Supplied material:
* * * * * * * * *

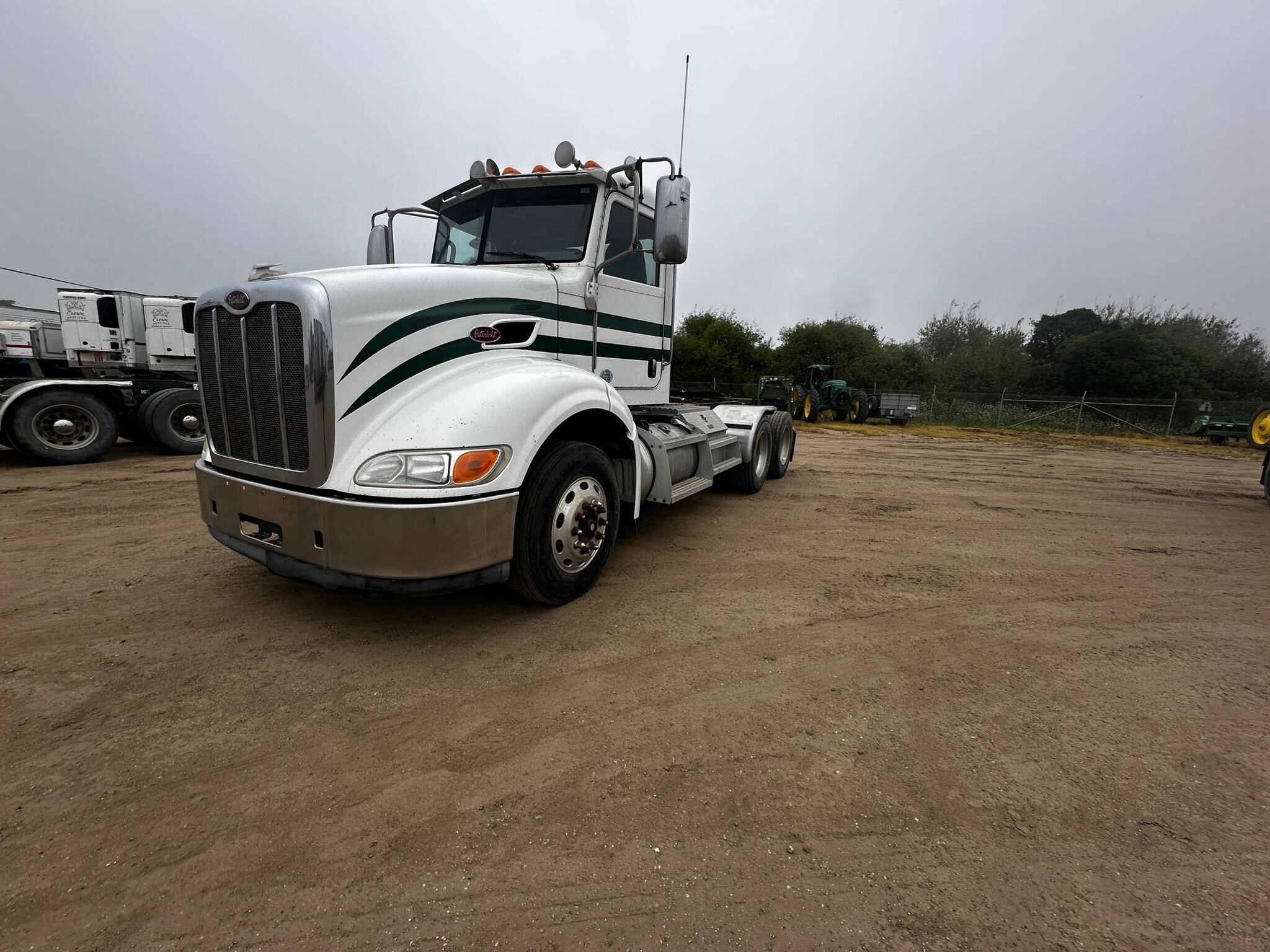 2011 PETERBILT 384 in Santa Rosa, CA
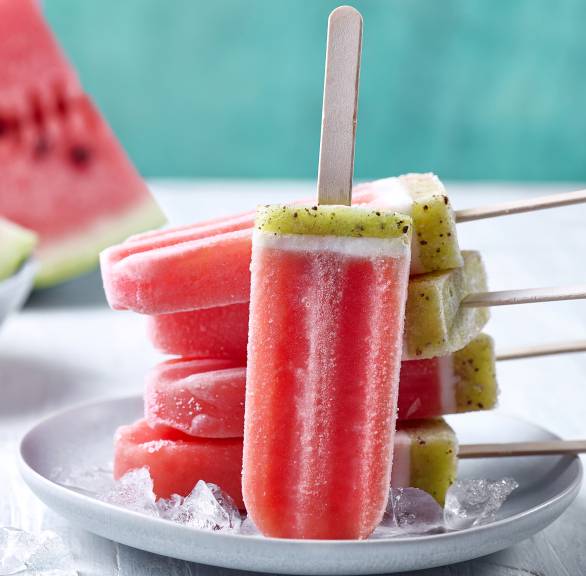 Wassermelonen-Kiwi-Eis am Stiel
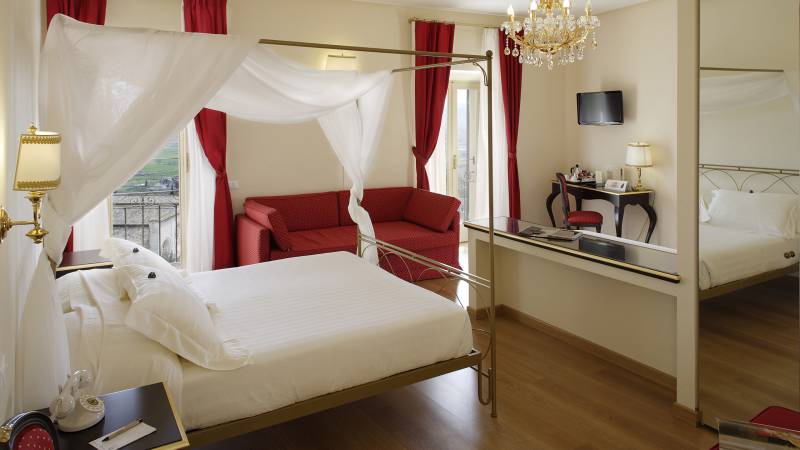 Hotel-e-Giotto-Assisi-Suite-letto-baldacchino-3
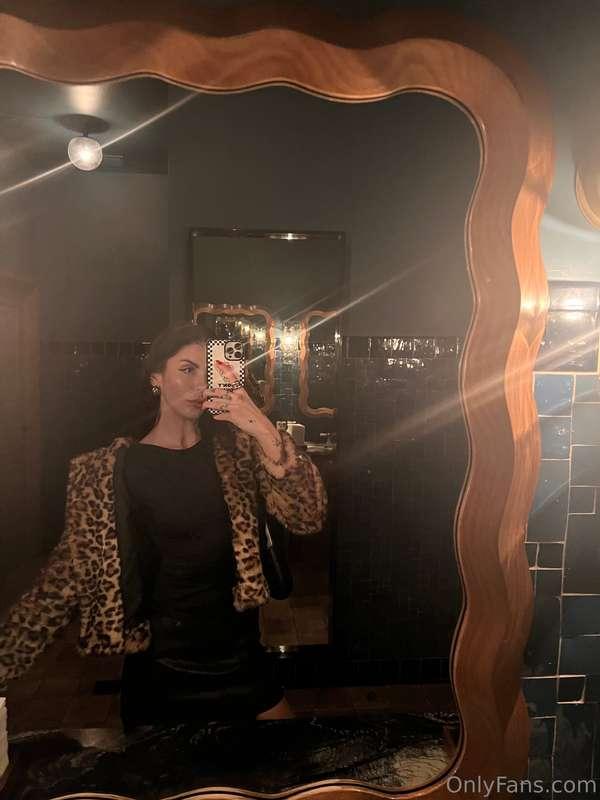 This jacket loves making appearances lately 🙈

* * * * * * * * *

Problem:
Output the data above in full and exactly, with every image left out.

Answer for this exercise:
 2011 PETERBILT 384 in Santa Rosa, CA
 Wassermelonen-Kiwi-Eis am Stiel
 Hotel-e-Giotto-Assisi-Suite-letto-baldacchino-3
 This jacket loves making appearances lately 🙈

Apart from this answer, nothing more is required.